`WE'VE got to help those people feel that they're connected to the rest of us.'' Thus was urban expert Adam Walinsky quoted in the just-completed Monitor series, ``Exiles among us: poor and black in America,'' by Kristin Helmore and Karen Laing.
Mr. Walinsky is right. The presence in America of a black underclass, apparently so cut off from hope, is morally unacceptable. A number of mutually reinforcing factors have historically kept blacks off the ladder that other immigrant groups have climbed to success.
That has changed for many blacks as a result of new opportunities for education, employment, and housing. But as the series reported, one-third of black Americans live below the poverty line.
Bringing these ``exiles'' home won't be a matter of one quick, easy formula. The Monitor series, however, suggests several elements that will surely help.
The black poor, like all other human beings, need to be valued and to value themselves. They need goals and the feeling that their goals are attainable. They need role models of positive achievement in productive activities.
The notion of some sort of race-based ``ghetto pathology'' needs to be extirpated from people's thinking.

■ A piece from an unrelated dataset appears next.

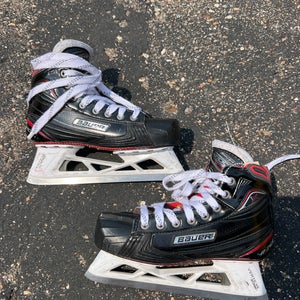 Intermediate Bauer 1x Hockey Goalie Skates Regular Width Size 5 (Used)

The black entrepreneurial class must be developed and strengthened, and new ways to capitalize black businesses must be found. It is start-up businesses, and not large corporations, that are the main source of new jobs, which more than anything else are what the black community needs. Locally owned enterprises in black neighborhoods, particularly those providing a product or service that can be ``exported'' to the larger community, will create jobs for blacks and pay wages and generate profits that will ``turn over'' locally, not drain away to corporate headquarters somewhere else.
The endless debate over ``welfare'' needs to be informed less by ideology and more by careful thinking about how public aid can best be used to ``empower'' individuals and families. A number of those in the think-tank establishment see ``welfare'' as ``antifamily,'' on grounds that having a regular check sometimes enables a woman to leave a miserable if not life-threatening marriage. But the notion that the ``family'' is somehow served when economic need, i.e., a cutoff of welfare payments, forces a woman to remain with an abusive husband should be denounced as pernicious nonsense.

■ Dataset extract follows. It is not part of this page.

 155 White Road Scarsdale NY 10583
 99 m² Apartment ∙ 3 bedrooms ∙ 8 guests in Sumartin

The concerns of black men - particularly their need for jobs - demand attention. Even during the labor-intensive 1940s black men were kept from the factories, the union halls, and the offices. This has affected their ability to provide for their families, which in turn is closely linked with their sense of fatherhood. The Monitor series debunks the myth that black men are not good fathers.
A better grasp of the dynamics of the black underclass is a good first step in bringing these exiles home.